Registered retirement savings plans (RRSPs)
You may have seen banks advertise about RRSPs, typically in January and February. That’s around the deadline for Canadians to contribute to these accounts in order to use them for the previous tax year.
So what are RRSPs and why should you consider contributing to one?
RRSPs can be used to reduce your current income tax burden and grow your savings for retirement. Any Canadian who has “earned income” (salary, wages, or rental income) can open an RRSP through a qualified financial institution. Every year, you’re allowed to contribute 18% of your earned income, or a specified amount, whichever is less (in 2016, the specified amount is $25,370).
That amount can then be deducted from your taxable income, which reduces the tax you’ll have to pay the government. For example, if your taxable income is $40,000, and you’re able to make a $5,000 RRSP contribution, your taxable income is then reduced to $35,000. In some cases, it will mean that you’ll fall into a lower tax bracket, so you’ll pay even less in taxes.
Before contributing to an RRSP, you have to decide how to invest the money.
There are a variety of investments the government allows you to hold in an RRSP. These include GICs (be sure to check out the best GIC rates), stocks, bonds, and mutual funds, among others. You can also get an RRSP high-interest savings account.
The beauty of an RRSP is that so long as the money is within the account, it can grow tax-free. Even though the money is intended for retirement, you can make tax-free withdrawals from your RRSP to buy a home or to go back to school. But keep in mind that any money you take out must be deposited back into your account or it’ll be considered taxable income.
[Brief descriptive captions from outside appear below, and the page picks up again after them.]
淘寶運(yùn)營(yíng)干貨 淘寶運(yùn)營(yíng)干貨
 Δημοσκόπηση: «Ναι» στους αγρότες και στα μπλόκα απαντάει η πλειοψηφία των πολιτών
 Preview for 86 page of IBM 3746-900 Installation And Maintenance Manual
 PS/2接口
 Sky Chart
Tax-free savings accounts (TFSAs)
RRSPs allow you to defer tax and build up your savings in the meantime. Tax-free savings accounts are similar, but they work a bit differently. With a TFSA, every Canadian 18 and older may contribute a specified amount of money into this account (In 2016, the amount is $5,500). You may also use up any room from previous years that you did not take advantage of. Just because you didn’t contribute in one year does not mean you’ve lost out. As with RRSPs, you’re permitted to invest TFSA money in a wide variety of products. Stocks, bonds, and mutual funds are some of the most common investments people make.
RRSPs are geared for retirement, but TFSAs can be used for whatever you’d like. You can see it as a parallel retirement savings plan if you wish. But you can also use your TFSA to save for an emergency or for something specific like a new car or a trip. And because the money you contribute has already been taxed, there’s no tax payable once you withdraw money from your account.
Start early and keep at it
There’s no time like the present when it comes to contributing to TFSAs and RRSPs. The earlier you open one of these accounts, the faster you’ll be able to grow your investments. And with RRSPs, you’ll be able to use your contributions as a tax deduction, so it’s win-win.